__EXERCISE INSTRUCTIONS__:
Output the data unchanged and complete, minus the images.

__EXERCISE DATA__:
- - - - -

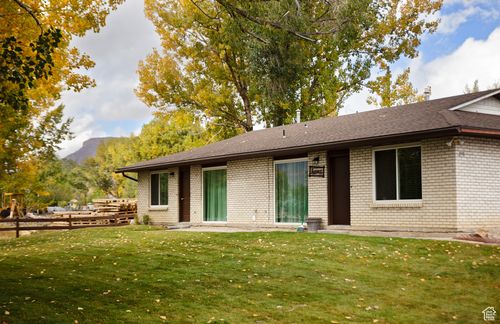 235 N 200 E, Ferron, UT, 84523-7742 | Card Image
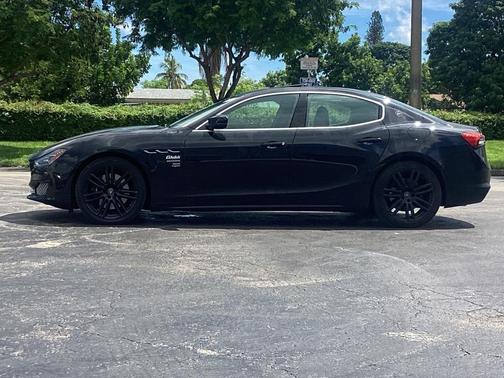2022 Maserati Ghibli Modena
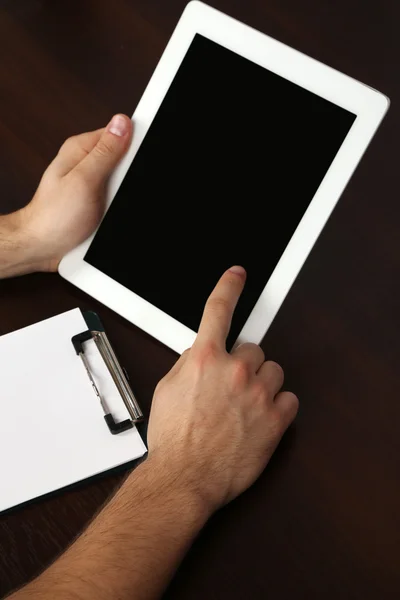 Manos usando tableta PC sobre fondo de mesa de madera — Foto de Stock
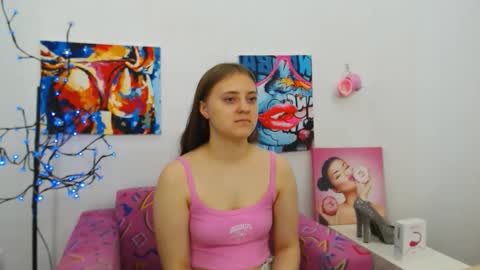 Snapshot of arinabelle chatting on June 5, 3:40 pm arinabelle online show from June 5, 3:40 pm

- - - - -

__COMPLETED EXERCISE__:
 235 N 200 E, Ferron, UT, 84523-7742 | Card Image
2022 Maserati Ghibli Modena
 Manos usando tableta PC sobre fondo de mesa de madera — Foto de Stock
 Snapshot of arinabelle chatting on June 5, 3:40 pm arinabelle online show from June 5, 3:40 pm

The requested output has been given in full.